Featured Awards – July 2018
Posted in: Featured Awards
Yang Deng • Earth and Environmental Studies
Meiyin Wu • Passaic River Institute
MRI: Acquisition of a Dynamic Imaging Particle Analyzer for Characterization of Particulate Matters in Engineered and Natural Water Systems at Montclair State University
National Science Foundation
$192,212
This award from NSF will allow Dr. Deng and Dr. Wu to acquire a Dynamic Imaging Particle Analyzer (DIPA) (FlowCAM 8400) that will provide a real-time and non-invasive approach to imaging, counting, and characterizing particles and cells in water, fundamentally different from traditional particle imaging ways. It will enable new research and research training opportunities in multiple programs at MSU, particularly environmental engineering, environmental science, ecology, biology, and chemistry. Data generated from the instrument will advance fundamental research associated with particle matters and algal cells in engineered and natural water systems.
Reva Jaffe-Walter • Counseling and Educational Leadership
Improving the Experiences and Outcomes of Immigrant Youth: an Examination of the INPS
William T. Grant Foundation
$24,578
In year two of this subaward from New York University, Dr. Jaffe-Walter will continue to lead qualitative research and conduct observations, interviews, and focus groups in case study schools. She will train researchers who will support qualitative data collection. In addition, she will lead the qualitative team in coding and data analysis. When data collection and analysis is complete, she will draft publications and reports.
Rodica Martin • Physics and Astronomy
RUI: Survey of Magneto-Optical Materials for Faraday Isolators in Future Gravitational-wave Detectors
National Science Foundation
$90,000
Dr. Rodica Martin’s project will address basic research needed for the design of Faraday isolators for future gravitational-wave detectors. A systematic survey of magneto-optical materials in the wavelength range of 1000 nm – 2400 nm will be performed to identify high-performance, low-absorption candidates. She will be joined by undergraduate and master’s degree students at Montclair State University, as well as other senior researchers in the field.
Jamaal Matthews • Educational Foundations
CAREER: How Urban Adolescents Come to Think of Themselves as Mathematicians – Year 5
National Science Foundation
$147,553
This supplemental award, given by the National Science Foundation, will continue to support Dr. Matthews’ studies how African American and Latino middle and high school students construct their sense of self-identity with and in mathematics and the role that teachers play in helping to shape those self-opinions. In conjunction with this project, Matthews has developed and implemented a mentorship program in Newark, NJ based on this research. This mentorship program (https://www.youtube.com/watch?v=0SmBNruQ4ZM) aims to support character development skills and a value of mathematics among young males of color.

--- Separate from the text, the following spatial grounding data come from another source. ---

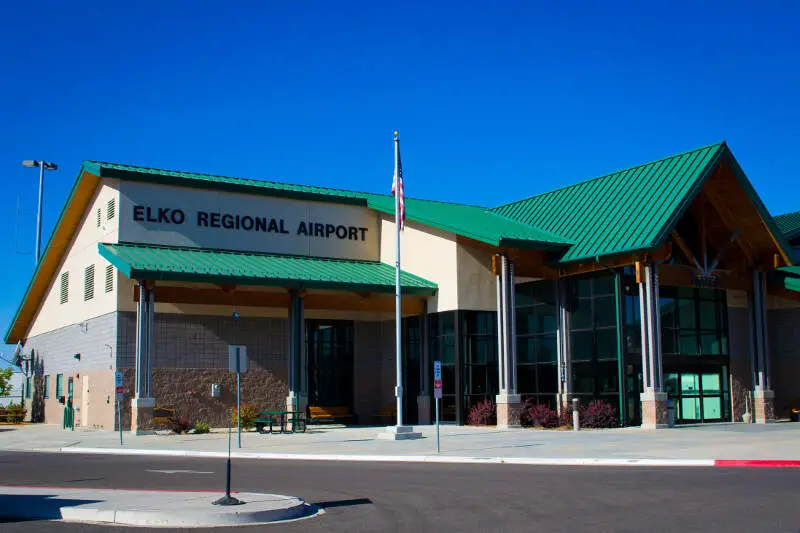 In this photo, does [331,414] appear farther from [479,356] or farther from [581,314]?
[581,314]

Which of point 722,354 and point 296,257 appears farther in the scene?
point 296,257

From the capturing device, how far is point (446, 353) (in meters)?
36.1

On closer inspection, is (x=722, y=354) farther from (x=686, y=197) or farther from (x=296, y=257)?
(x=296, y=257)

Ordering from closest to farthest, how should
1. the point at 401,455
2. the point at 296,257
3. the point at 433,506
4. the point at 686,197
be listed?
1. the point at 433,506
2. the point at 401,455
3. the point at 686,197
4. the point at 296,257

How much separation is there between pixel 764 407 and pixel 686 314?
4.88 meters

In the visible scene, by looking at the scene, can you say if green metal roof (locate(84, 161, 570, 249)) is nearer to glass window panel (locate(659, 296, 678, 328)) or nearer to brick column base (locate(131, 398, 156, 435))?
glass window panel (locate(659, 296, 678, 328))

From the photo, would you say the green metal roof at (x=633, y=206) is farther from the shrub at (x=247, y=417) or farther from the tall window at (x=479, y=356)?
the shrub at (x=247, y=417)

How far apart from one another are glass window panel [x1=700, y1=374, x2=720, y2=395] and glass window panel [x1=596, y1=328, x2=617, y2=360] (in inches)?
197

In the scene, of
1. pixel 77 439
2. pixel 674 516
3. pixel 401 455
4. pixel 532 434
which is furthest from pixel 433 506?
pixel 77 439

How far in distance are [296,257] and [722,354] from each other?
1791 centimetres

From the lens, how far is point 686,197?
104ft

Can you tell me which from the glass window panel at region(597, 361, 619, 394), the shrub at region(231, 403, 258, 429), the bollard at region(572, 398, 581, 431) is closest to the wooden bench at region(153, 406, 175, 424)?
the shrub at region(231, 403, 258, 429)

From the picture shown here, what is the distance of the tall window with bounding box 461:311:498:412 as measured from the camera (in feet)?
117

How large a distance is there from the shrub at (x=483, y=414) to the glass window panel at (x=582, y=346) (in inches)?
144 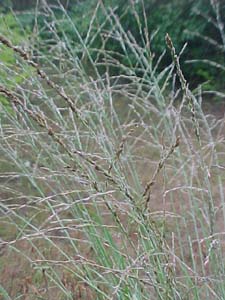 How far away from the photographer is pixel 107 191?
77.5 inches

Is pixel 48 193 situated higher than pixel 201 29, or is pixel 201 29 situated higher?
pixel 201 29

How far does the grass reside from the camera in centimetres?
183

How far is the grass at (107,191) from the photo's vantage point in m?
1.83

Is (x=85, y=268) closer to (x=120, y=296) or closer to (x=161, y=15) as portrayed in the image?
(x=120, y=296)

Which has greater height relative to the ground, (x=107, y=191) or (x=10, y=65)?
(x=107, y=191)

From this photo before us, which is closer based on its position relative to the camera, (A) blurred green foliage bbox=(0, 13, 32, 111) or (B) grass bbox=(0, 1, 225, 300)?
(B) grass bbox=(0, 1, 225, 300)

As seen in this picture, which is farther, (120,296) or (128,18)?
(128,18)

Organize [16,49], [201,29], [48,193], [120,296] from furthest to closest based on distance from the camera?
[201,29], [48,193], [120,296], [16,49]

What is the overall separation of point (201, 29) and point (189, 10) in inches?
12.9

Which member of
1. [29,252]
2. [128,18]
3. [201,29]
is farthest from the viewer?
[128,18]

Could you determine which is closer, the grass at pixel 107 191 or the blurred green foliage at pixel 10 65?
the grass at pixel 107 191

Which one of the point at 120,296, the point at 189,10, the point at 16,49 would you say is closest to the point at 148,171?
the point at 189,10

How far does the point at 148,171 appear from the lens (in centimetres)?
548

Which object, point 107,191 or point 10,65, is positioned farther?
point 10,65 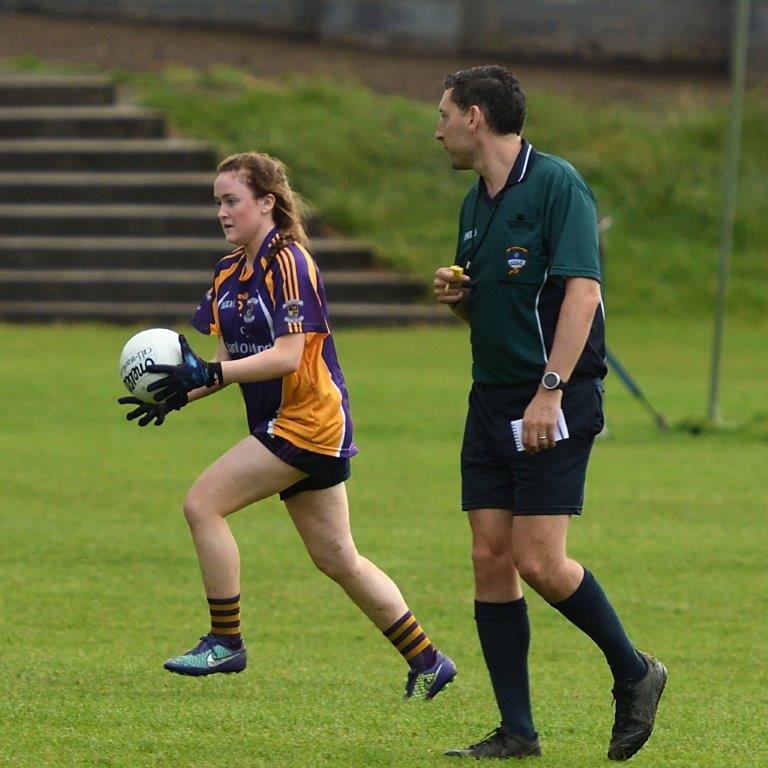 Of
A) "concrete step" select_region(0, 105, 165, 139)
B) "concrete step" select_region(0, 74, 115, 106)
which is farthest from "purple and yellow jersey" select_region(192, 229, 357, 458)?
"concrete step" select_region(0, 74, 115, 106)

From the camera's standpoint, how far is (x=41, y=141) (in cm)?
2553

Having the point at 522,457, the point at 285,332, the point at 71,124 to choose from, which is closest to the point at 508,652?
the point at 522,457

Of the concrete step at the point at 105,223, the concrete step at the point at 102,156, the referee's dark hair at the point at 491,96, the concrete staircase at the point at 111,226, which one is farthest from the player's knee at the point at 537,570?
the concrete step at the point at 102,156

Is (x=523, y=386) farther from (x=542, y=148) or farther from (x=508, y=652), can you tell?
(x=542, y=148)

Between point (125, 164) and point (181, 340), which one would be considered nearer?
point (181, 340)

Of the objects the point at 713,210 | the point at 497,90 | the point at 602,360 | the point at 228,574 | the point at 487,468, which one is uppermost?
the point at 497,90

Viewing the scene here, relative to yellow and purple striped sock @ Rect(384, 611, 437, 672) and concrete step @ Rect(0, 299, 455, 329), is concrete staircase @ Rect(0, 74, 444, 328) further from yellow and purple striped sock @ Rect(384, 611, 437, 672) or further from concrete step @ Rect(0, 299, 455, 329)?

Teo Paoletti • Mathematical Sciences
Developing Middle School Students’ Understandings of Coordinate Systems (Mid-CoS) Project
Spencer Foundation
$50,000
Dr. Paoletti’s project will focus on developing a viable approach to promoting middle-school students’ graphing understandings in ways that are potentially transferable to STEM fields and creating curricular materials that have the potential to support students in developing such graphing understandings. His team plans to accomplish these goals by using a design-based research methodology focusing on iterative cycles of designing, enacting, analyzing, and redesigning instructional materials by creating and refining a series of tasks that elicit and extend middle-school students’ meanings for graphs. They will situate these tasks in the existing curricula of a participating school, implement these tasks in a classroom to examine and document any shifts in students’ meanings and reasoning, and study the classroom implementation for features that supported or inhibited student learning.
Amy Tuininga • PSEG Institute for Sustainability Studies
Iain Kerr • School of Business
Yeng Deng • Earth and Environmental Studies
Green Teams: Creating a Process for Sustainable Technology Product Development
VentureWell
$31,000
With the grant awarded from VentureWell, Dr. Amy Tuininga and her team plan to expand an existing transdisciplinary team-based program, to include more entrepreneurship, innovation design, and information about patenting and commercialization. This expansion will occur in collaboration with Montclair State University’s Center for Entrepreneurship and two organizations, Earth Friendly Products and Hydrogen House Project. The Green Teams employ hands-on learning in real world situations to address sustainability challenges through design of sustainable technology solutions and build classroom-to-career opportunities for students through an internship program.
Jennifer Urban • Family Science and Human Development
Growing Relational Virtues in Parents and Children
John Templeton Foundation
$54,916
This subaward from University of California, Berkeley to Dr. Urban will cover the work of an evaluation team that will be focused on two in-person “convenings” that will bring together staff of community organizations, and advisory committee with expertise in character virtue research, and evaluation advisors with expertise in evaluation and program development linking research and practice. The team will specifically cover the first convening and the follow-up evaluation support for participating programs as they finalize program designs, identify research foundations, and develop and implement evaluation plans.